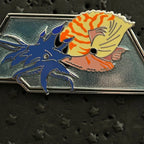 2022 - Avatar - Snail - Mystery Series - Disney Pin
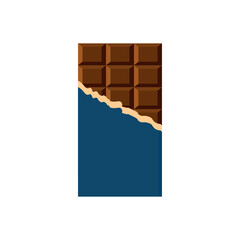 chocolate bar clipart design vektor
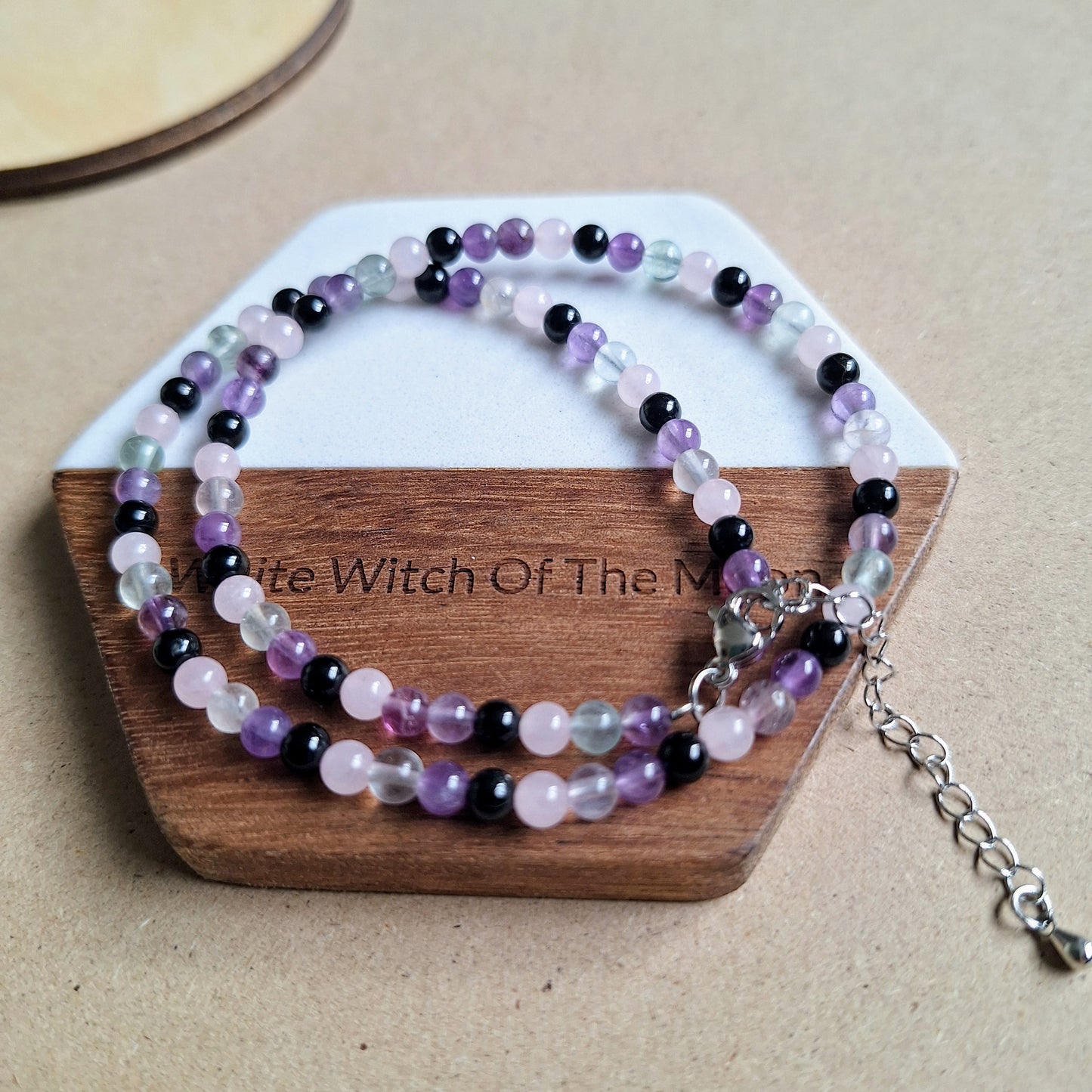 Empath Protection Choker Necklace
---
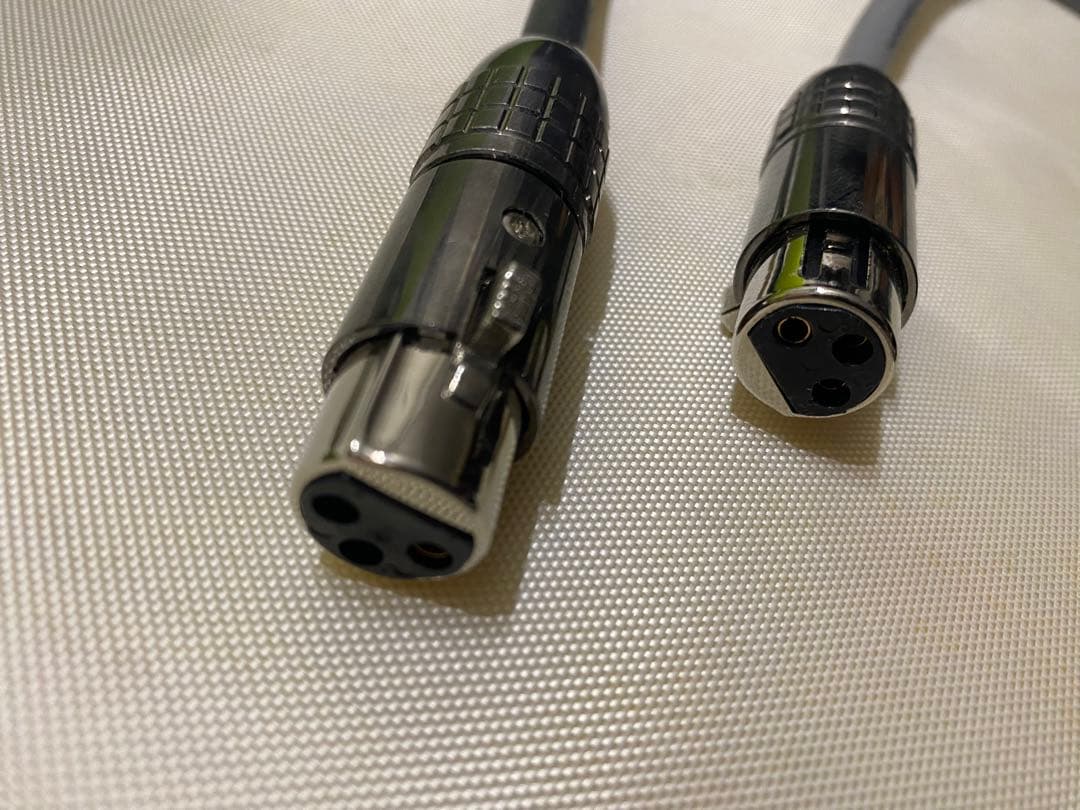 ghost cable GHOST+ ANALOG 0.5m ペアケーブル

> Task objective: Nothing except the lines from the one containing "chocolate bar clipart design vektor" through the one containing "Empath Protection Choker Necklace" should appear in the answer, exactly as above and without pictures.

> Problem solution:
 chocolate bar clipart design vektor
 Empath Protection Choker Necklace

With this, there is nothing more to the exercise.